Mr Fennell’s supporters fear he has now been subjected to effective internment -- indefinite detention without trial. His arrest follows comments by PSNI Chief George Hamilton last week in which he boasted of his force’s ‘success’ in locking up the leadership of republican groups opposed to the powersharing administration at Stormont.
In his speech, Mr Fennell also accused the “unaccountable” PSNI and British military intelligence of deliberately seeking to target and intimidate republicans. He accused the British government of using miscarriage of justice victims Brendan McConville and John Paul Wootton -- still imprisoned over a Continuity IRA attack in 2009 -- as ‘political hostages’.
Urging republicans to be more active, Mr Fennell quoted Sinn Fein deputy leader Maire Drumm, who was shot dead by loyalists in 1976. “It was Maire Drumm who stated: ‘It’s isn’t enough to shout up the IRA, the important thing is to join the IRA’,” he said.
“When you leave here today, ask yourself is it enough to support republicanism or could you be a more active republican. Are you willing to assist a movement that will bring us freedom?
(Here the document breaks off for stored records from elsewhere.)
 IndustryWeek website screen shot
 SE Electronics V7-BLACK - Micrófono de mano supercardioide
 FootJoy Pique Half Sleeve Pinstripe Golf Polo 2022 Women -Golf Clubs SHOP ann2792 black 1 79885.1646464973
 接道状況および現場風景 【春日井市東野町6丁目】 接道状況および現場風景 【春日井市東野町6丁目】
“Let us cry out we will not accept British Rule, we will not accept native capitalist rule, we will not accept occupation or partition, we don’t accept your quisling assembly, armies or police force.”
On Tuesday, he was remanded without bail by a court in Craigavon. A crowd of men and women supporters, who had refused to stand as the judge entered the courtroom, erupted into applause and cheers as Fennell was taken out of the courtroom. Outside they unfurled a banner reading ‘End British Internment’. There were further protests in Belfast and in Dublin.
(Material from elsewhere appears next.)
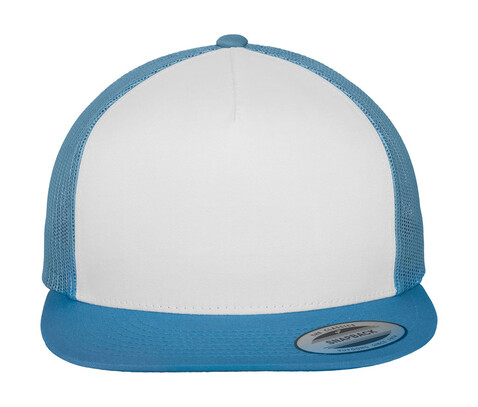 Yupoong Classic Trucker Cap, C.Blue/White/C.Blue, One Size bedrucken, Art.-Nr. 302733590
The Irish Republican Prisoners’ Welfare Association, which organised the Easter commemoration, said it viewed the raids and arrest of Mr Fennell as a “blatant example of the continuance of British political policing in the Six Counties”.
“Spurred on by Unionist and Loyalist hysteria and assisted by a pro-British media, the RUC/PSNI through its actions has attempted to silence a true and genuine Republican narrative by the use of force and intimidation. They will fail,” they said.
“The commemorative event on Easter Sunday in Lurgan was a fitting and honourable tribute to fallen IRA volunteers and no amount of British force and intimidation or Unionist/Loyalist interference should be allowed to shape how Republicans pay homage to those brave men and women who have given their lives in the cause of Irish freedom.”
The Republican Network for Unity denounced the decision to charge Fennell as an “abhorrent case of political policing” and a “blatant capitulation” to unionists.
“Dee should be immediately returned to his family and all spurious charges dropped. Republicans must come together to oppose this draconian attempt at silencing an opinion that doesn’t fall in favour of the State.”
The 1916 Societies said it condemned the “draconian, politically-motivated arrest and detention of our friend and comrade”.
“We consider the imprisonment of any political activist, for expressing what are ultimately political sentiments, among the most repressive measures ever introduced in Ireland by the British government, who despite best efforts to legitimise their ongoing presence in the Six Counties remain in occupation of a part of our country against the wishes of the people who live here.”
Neither Sinn Fein nor the SDLP have commented on the development.